P/1 – Mas se não tem testemunhas de violência, os policiais não entram?
R- Não. Eles sabem que se fizerem alguma coisa os moradores vão se revoltar ou vão denunciar, então eles olham, pedem documento. Isso é coisa... Em todo o lugar fazem a mesma coisa. Fazem a vistoria, mas dizer que entram lá pra agredir os moradores… Que eu veja, não.
P/1 – E sobre a questão da recuperação do pessoal que mora na rua que o irmão Admilson faz, você acompanha de perto isso? Os moradores da favela participam dessa recuperação de moradores de rua?
R - Os moradores dali não mexem com o trabalho dele porque ele respeita todo mundo. Eles apoiam porque é um trabalho muito bonito que o Sr. Edmilson está fazendo. Ele recupera pessoas que ele vê que têm chances de se levantar na vida novamente, porque se a pessoa foi pra rua é porque [por] alguma coisa ela passou. Ela não está ali na rua à toa. Alguma coisa teve no passado pra jogá-la ali naquele lugar, ou debaixo de uma ponte, ou debaixo de uma marquise. Ou passou a beber, está envolvido com bebida... Droga.
Eu não sei quantos ele teve, mas ali é mais bebida, droga foram poucos. Se pessoas de fora o procuram, ele encaminha as pessoas para lugares de recuperação. Ele ajuda, dá abrigo, que significa um teto e uma dormida; dá comida, ele encaminha para um trabalho. Tem gente ali que só trabalha com reciclagem de papel. Tem outros empregos também, que ele ajuda. Ajuda a tirar documentos dessas pessoas que ele retira da rua.
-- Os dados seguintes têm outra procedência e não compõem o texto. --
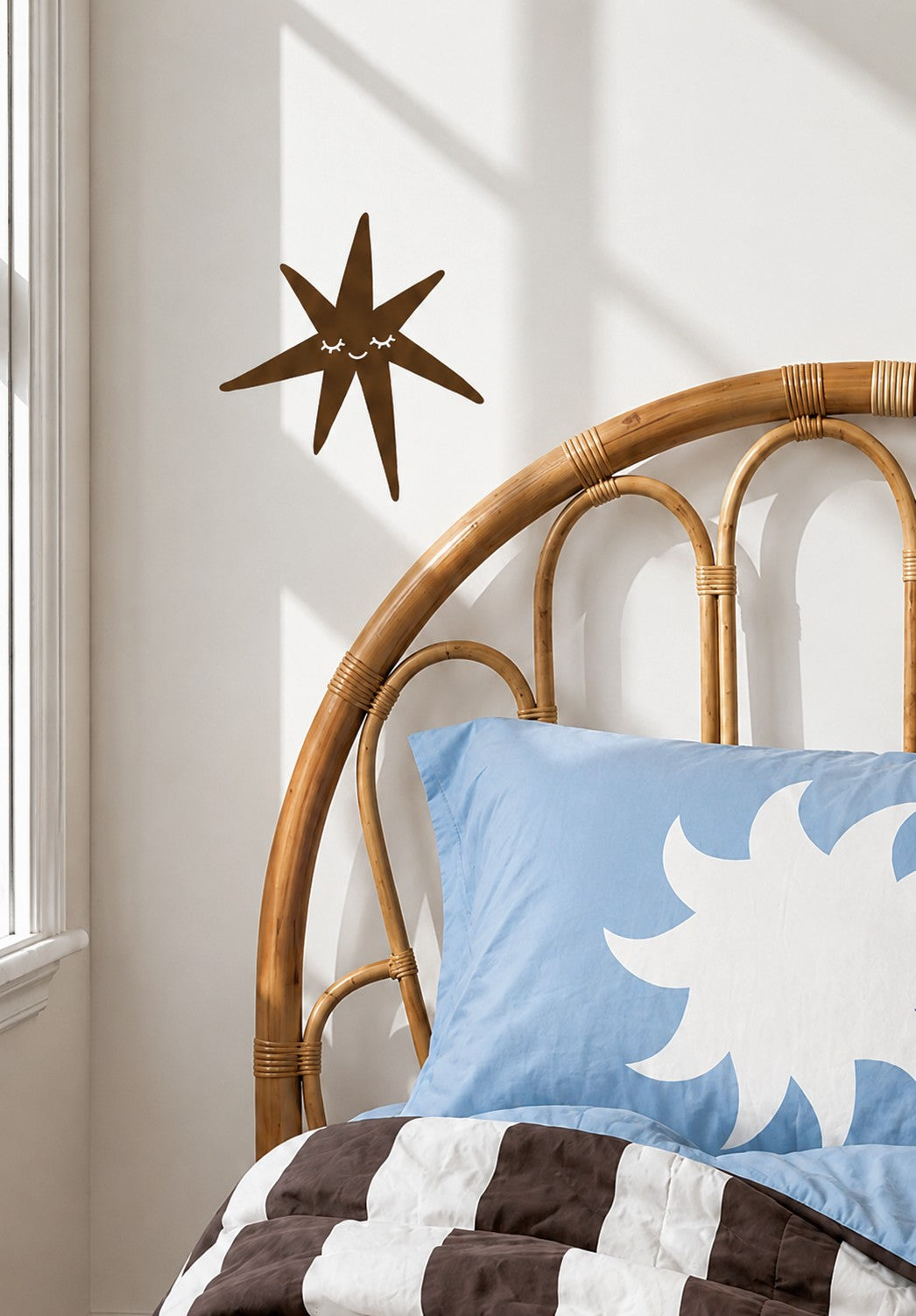 Fabric Wall Decal and wall sticker in the shape of a star with a face on it. It is a high quality fabric wall sticker that won't damage walls.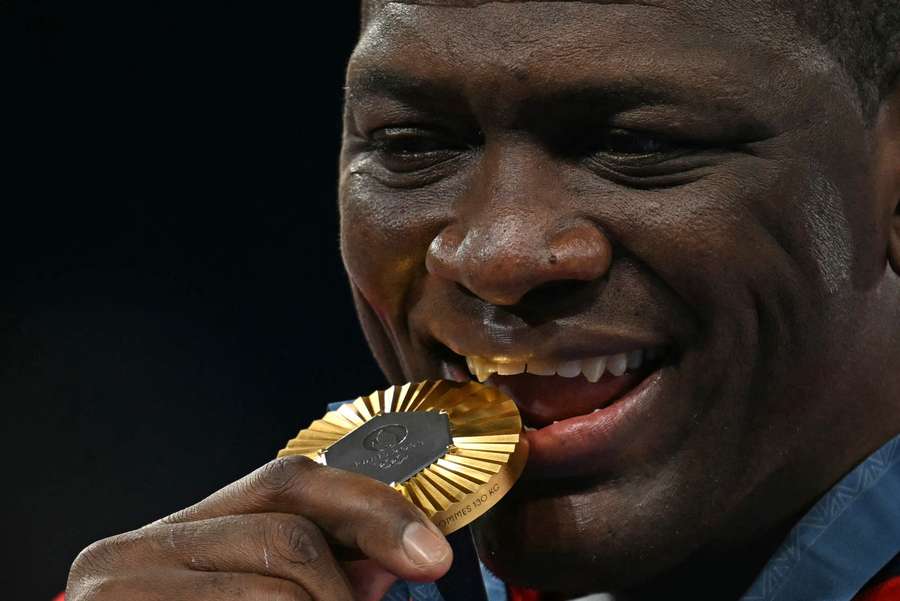 Mijaín López mordiendo su medalla de oro en París 2024.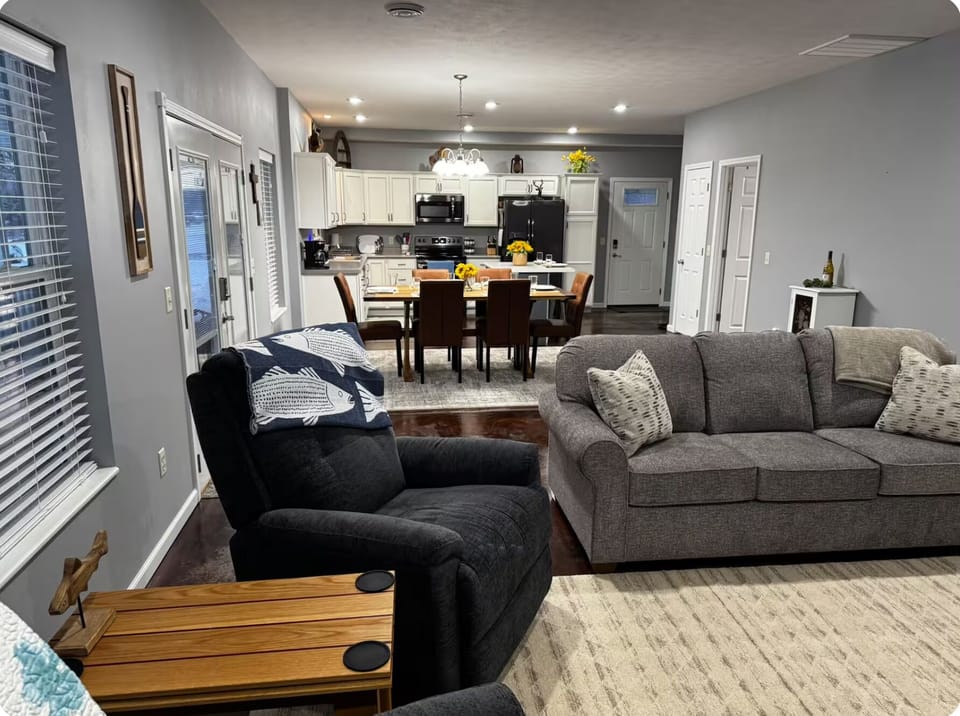 Spacious living room with comfortable seating, TV, fireplace, and sleeper sofa.
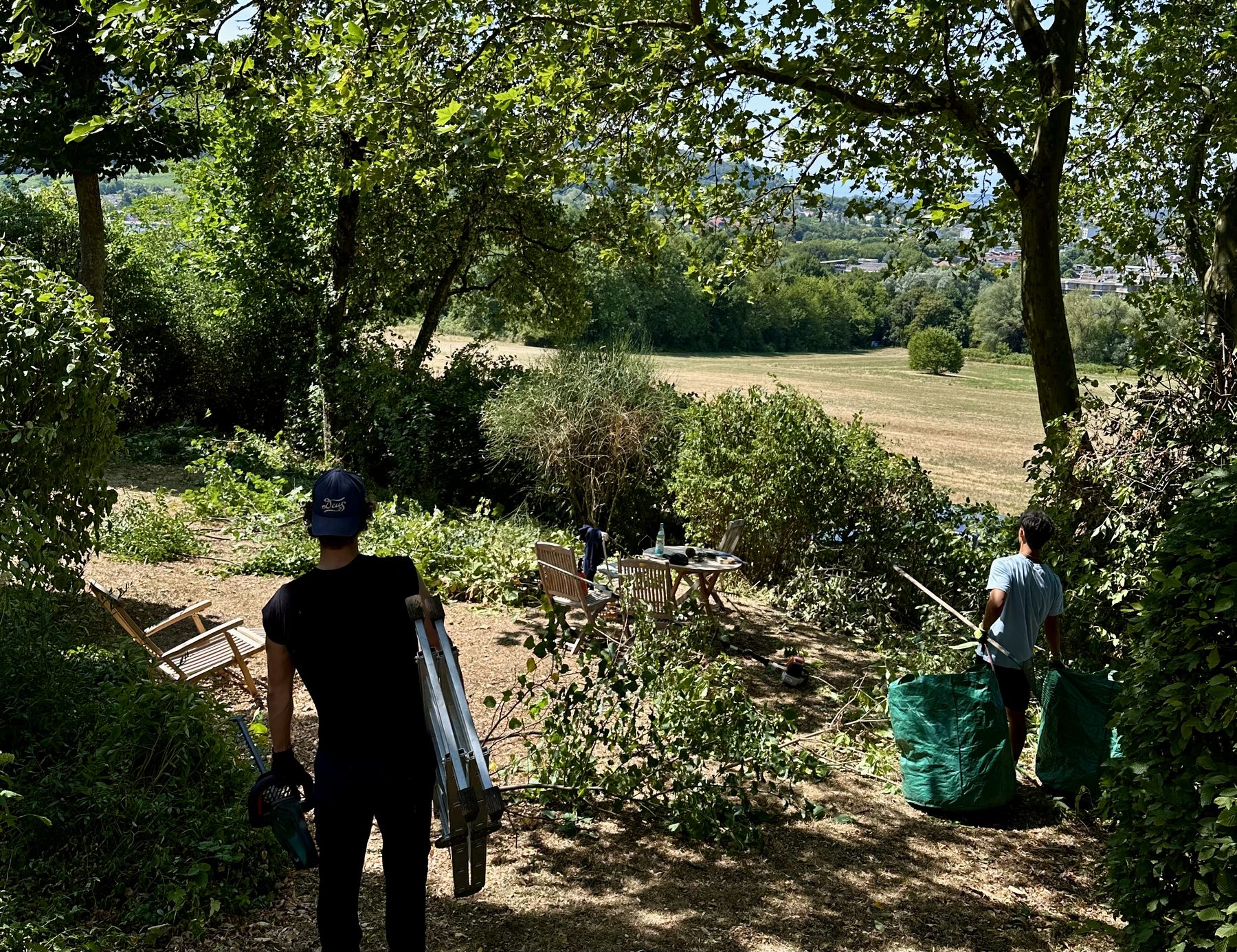 Zwei Studierende bei Gartenarbeiten mit Blick über die Landschaft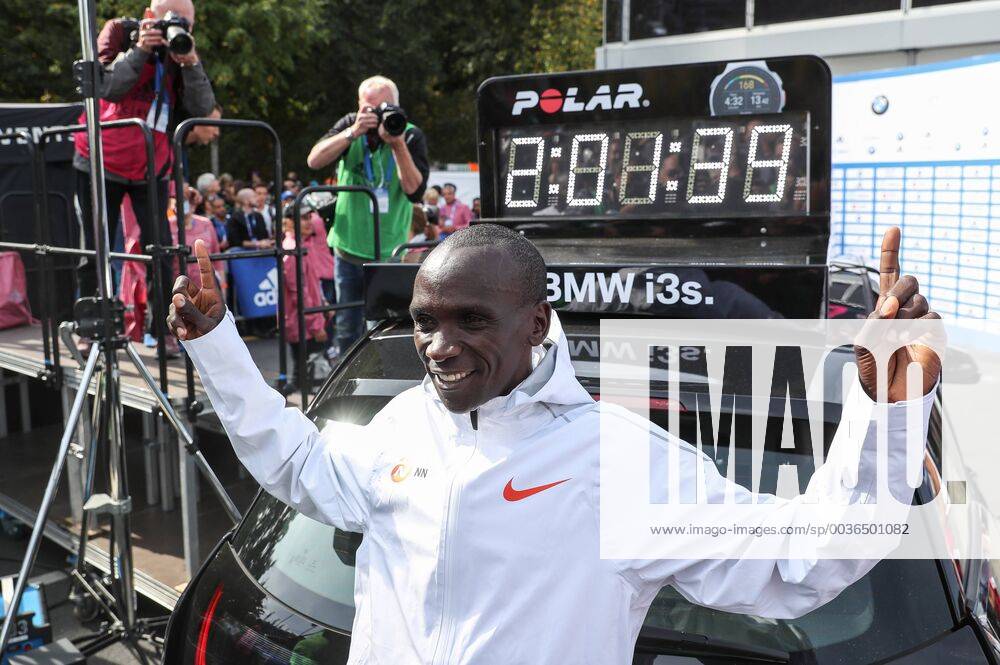 (180916) -- BERLIN, Sept. 16, 2018 -- Kenya s Eliud Kipchoge poses for photos with the vehicle displaying his new world record during the Berlin Marathon 2018 in Berlin, capital of Germany, on Sept. 16, 2018. The Berlin Marathon 2018 kicked off in Berlin on Sunday. Eliud Kipchoge from Kenya won the men s title with a new world record of 2:01:39. Women s title fell on Kenya s Gladys Cherono with a result of 2:18:11. ) (SP)GERNAMY-BERLIN-BERLIN MARATHON 2018 ShanxYuqi
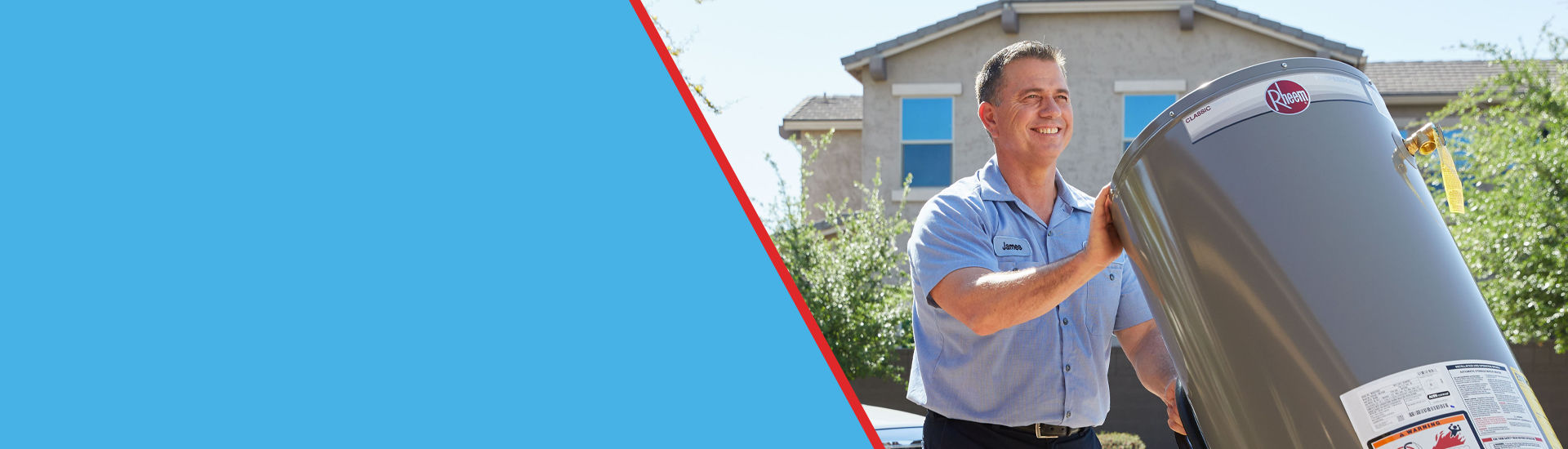 A smiling HVAC contractor moving equipment outside.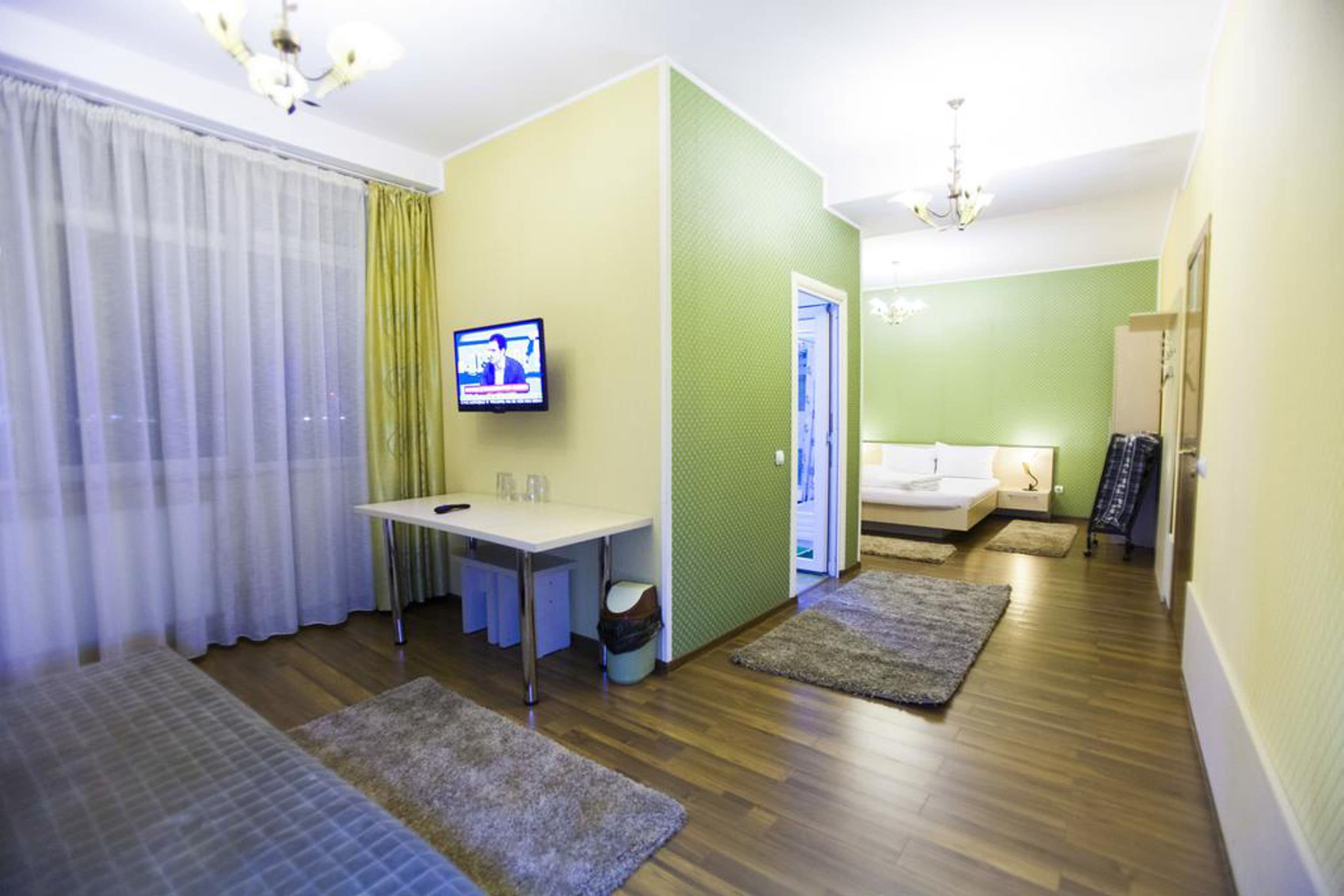 Een hotelkamer met een bed, een bureau, een televisie en een zithoek.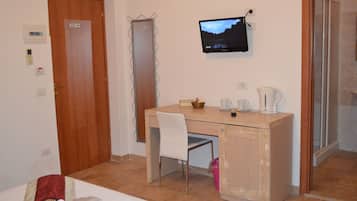A hotel room with a wooden desk, a chair, a television mounted on the wall, a bed with a red and white bedspread, and a bathroom visible through an open door.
É um trabalho muito bonito. Eu sei porque, às vezes, ele procura informações, se os moradores não vão achar ruim. A partir do momento que a gente falou pra ele: “Não, faça seu trabalho”, ele segue o caminho dele.
P/1 – Uma pessoa que teve tudo o que você teve na sua infância e juventude em Portugal. Não é muito difícil criar os filhos com tanta dificuldade?
R - É difícil, mas o sonho, o ideal da gente é trabalhar por um futuro melhor. A gente sonha.
P/1 - E que sonho é esse que você tem?
R - Continuar trabalhando. Um dia sair o projeto de moradia dali, a gente ter uma casa, um apartamento. Porque se a gente se acomoda a gente não consegue nada, então a gente vai batalhando, buscando de um lado, buscando de outro, de forma honesta. Não por caminhos tortos, mas sim por caminhos direitos.
P/1 - Muito obrigado pela entrevista.
R - Não tem de quê. Estou às ordens.